## TASK TO CARRY OUT
What is needed is an exact transcription of the listing, with the images removed.
:: DATA SHOWN ::
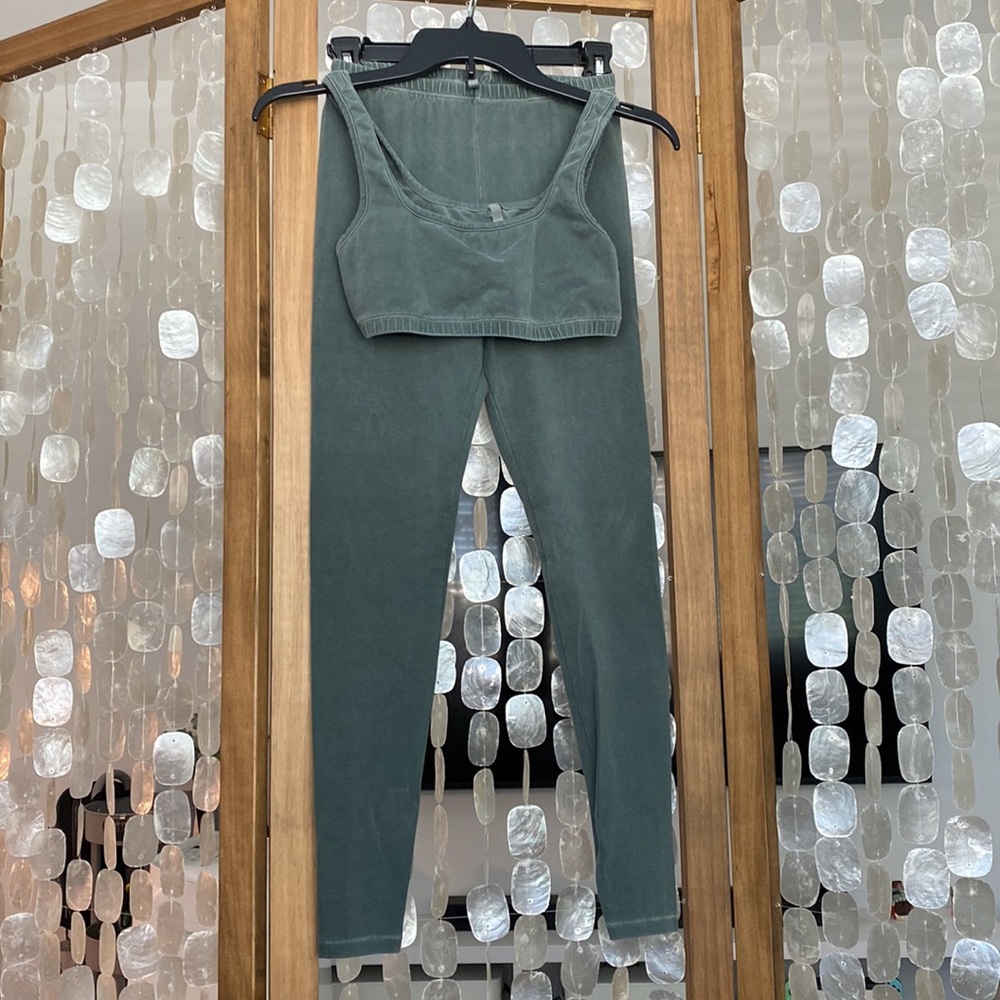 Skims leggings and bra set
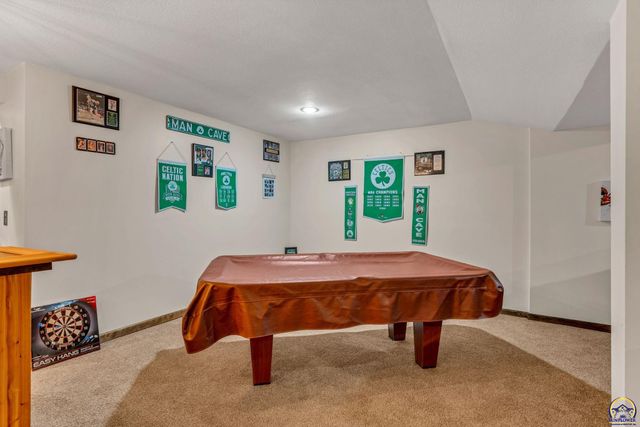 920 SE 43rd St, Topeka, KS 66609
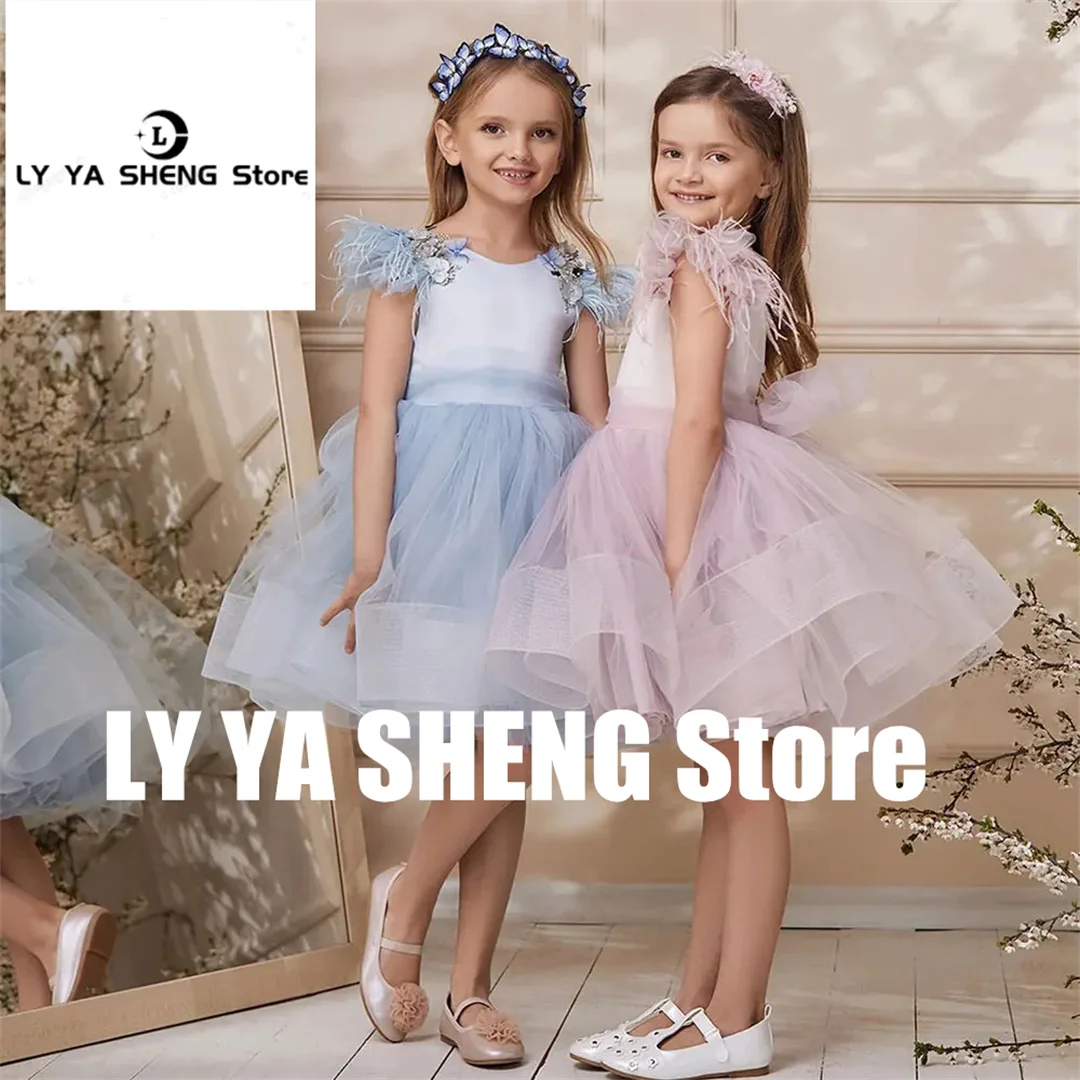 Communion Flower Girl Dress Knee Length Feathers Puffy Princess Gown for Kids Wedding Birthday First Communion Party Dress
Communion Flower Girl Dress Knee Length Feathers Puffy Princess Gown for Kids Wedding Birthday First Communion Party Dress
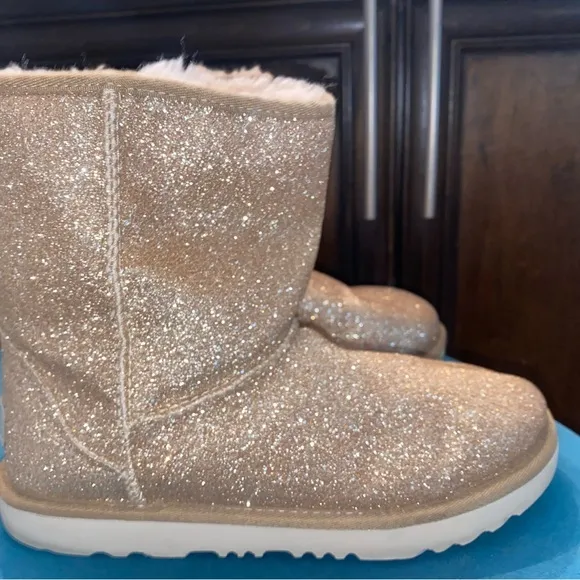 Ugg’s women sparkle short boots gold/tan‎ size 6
:::
## THE COMPLETED TASK
 Skims leggings and bra set
 920 SE 43rd St, Topeka, KS 66609
 Communion Flower Girl Dress Knee Length Feathers Puffy Princess Gown for Kids Wedding Birthday First Communion Party Dress
Communion Flower Girl Dress Knee Length Feathers Puffy Princess Gown for Kids Wedding Birthday First Communion Party Dress
 Ugg’s women sparkle short boots gold/tan‎ size 6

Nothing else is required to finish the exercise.